Intel "bug buster"
Intel preps technology to fix bugs in Pentium MPUs
By Alexander Wolfe, EE Times
Santa Clara, Calif. -- Intel Corp. plans to make a high-profile
announcement next month that it has developed technology to quickly fix bugs
that crop up in its microprocessors without having to recall the chips, EE
Times has learned.
"It's a piece of hidden technology in the processor, which enables the chip
to be patched after it's been shipped," said a semiconductor expert who requested
anonymity.
Intel won't provide details on its bug-busting feature, though a company
official said, "We're going to make it a big deal. The technology exists
and we've been refining it over the past few months, finalizing some of the
open-ended issues."
Intel's intention to spotlight the feature--which has in fact been present
in some form in a number of Intel CPUs for several years--appears aimed at
several burning issues embroiling the microprocessor-design community.
For one, though Intel regularly releases copious lists of bugs found by its
own engineers, glitches uncovered by hackers have taken on a life of their
own.
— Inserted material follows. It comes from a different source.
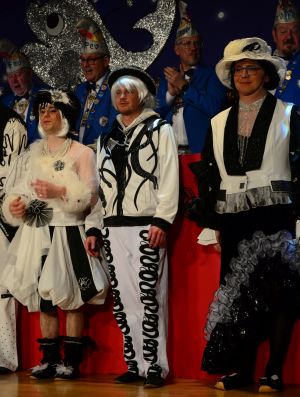 kostuemsitzung2 2025c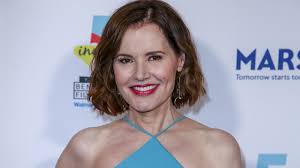 See more ideas about geena davis, davis, actresses. Geena Davis On Joining Netflix S Glow Uncomfortable Metoo Moment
The infamous Pentium FDIV floating-point division bug, first reported
by EE Times in November 1994, led to a public-relations disaster for Intel
that resulted in its first-ever chip recall and a charge against earnings
of $475 million. Last month, Intel was buffeted by the disclosure on the
Internet of a Pentium II glitch, known as the "Dan-0411 flag erratum."
More ominously, a semiconductor verification crisis looms, as integrated-circuit
transistor counts are expected to top 50 million within two years. Many industry
experts believe the tools to ensure that such designs are free of flaws don't
exis--and won't for years.
Against such a backdrop, any technology that offers a quick and painless
way of squashing bugs could provide an edge.
"If Intel had talked about this last month, they could have turned the 'Dan-0411'
disaster into a public-relations boon," said the chip expert.
The feature, which is implemented on Intel's Pentium processors with MMX,
Pentium II processors and on the Pentium Pro CPU, has been buried under the
obscure moniker "BIOS Update Feature." Indeed, the capability isn't widely
known even within the tight-knit community of microprocessor- and
systems-software experts.
"The way it works is you'd run a program at boot time, which would be
incorporated into the BIOS and it would actually patch the microcode," the
semiconductor expert said.
(BIOS, or Basic Input/Output System, is firmware that executes upon start-up.
Microcode is the most elementary form of machine instruction, controlling
actual operation of the CPU. Patching or revising microcode is the most desirable
way to fix a bug, since expensive hardware "mask" changes aren't required.)
However, experts familiar with the BIOS Update Feature said there may be
a large class of potential problems it can't fix.
"You have to be dealing with bugs that involve a microcoded instruction,"
said the source who requested anonymity. "Something that involves the use
of fixed, physical silicon resources can't be corrected by updating the BIOS."